A good guideline is: the current market value of the equipment, leaseholds and supplies should be about 25% of the practices gross billing for the year. So, if billings are $600,000 then one would expect the fair market value of the tangible assets of the practice to be worth about $150,000.

Assets below this figure, say $80,000, would mean that since a reasonable value for the practice, at 75% of gross billings, would be $450,000, this leaves (450,000 - 80,000) $370,000 in Goodwill which predominately represents patients. At an average billing of $500.00 per chart that would indicate 1,200 charts. Therefore each chart is worth ($370,000 for Goodwill/ 1200 charts) $308.33 per chart. This is noticeably above average or to put it another way, the practice is going to be worth less than $450,000; it will be harder to sell, since the purchaser would be thinking of the additional costs, to improve the leaseholds and equipment, after he or she has purchased the practice.

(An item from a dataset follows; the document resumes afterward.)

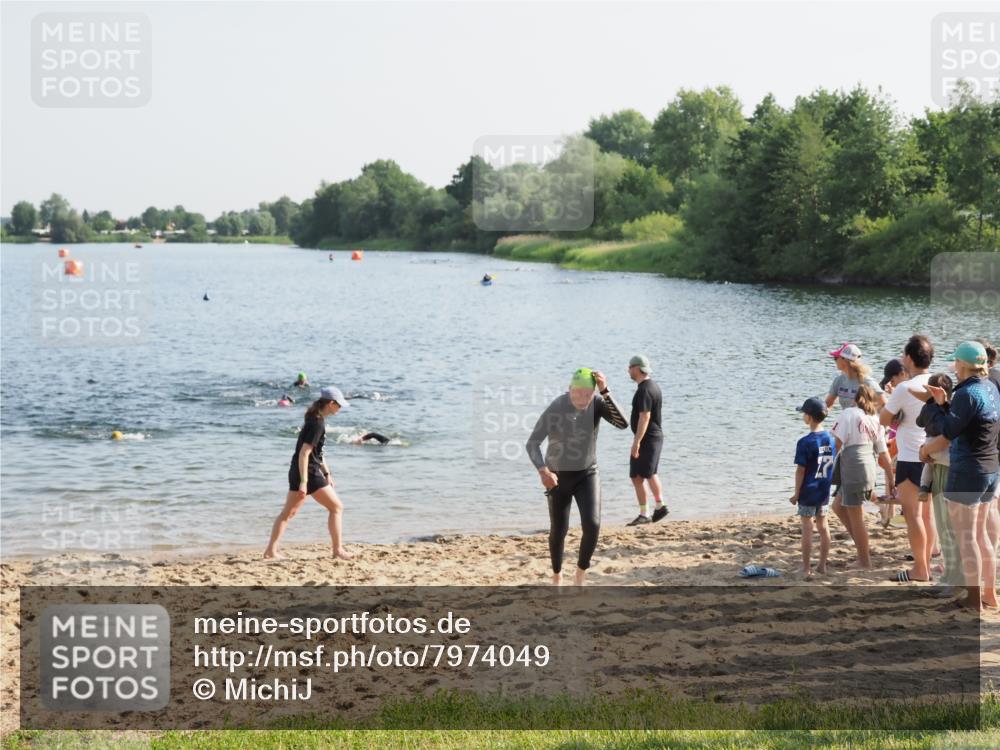 21.06.2025 - 27. Vierlanden-Triathlon MichiJ http://msf.ph/oto/7974049 15.06.2026 08:38:59 Schwimmen 77, 94 meine-sportfotos.de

Around 25% of gross billings, in a mature practice, indicates that the dentist has kept the practice equipment “up-to-date”. One can also go overboard in the other direction, too many assets for the level of production. This does not leave enough room for Goodwill thus limiting the value of a chart.

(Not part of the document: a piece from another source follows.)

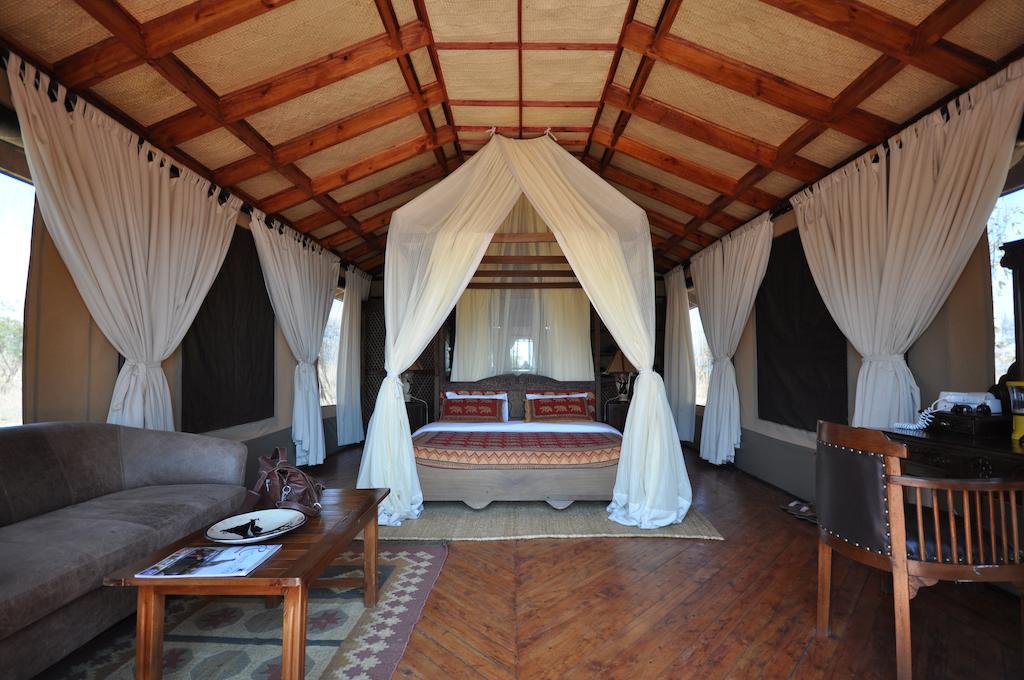 Elephant Rock Luxury Camp Tarangire Kaiti Zimmer foto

I recently recommended that a vendor take some of his major equipment with him as there was not enough net earning to carry the level of assets in the practice. New practices tend to fall in this area as the billings are too low to support even reasonable assets.

I prefer to see a "balanced practice" with contemporary assets, controlled costs, reasonable billings per patient and one that is clean and visually appealing. This makes an attractive proposition for a purchaser.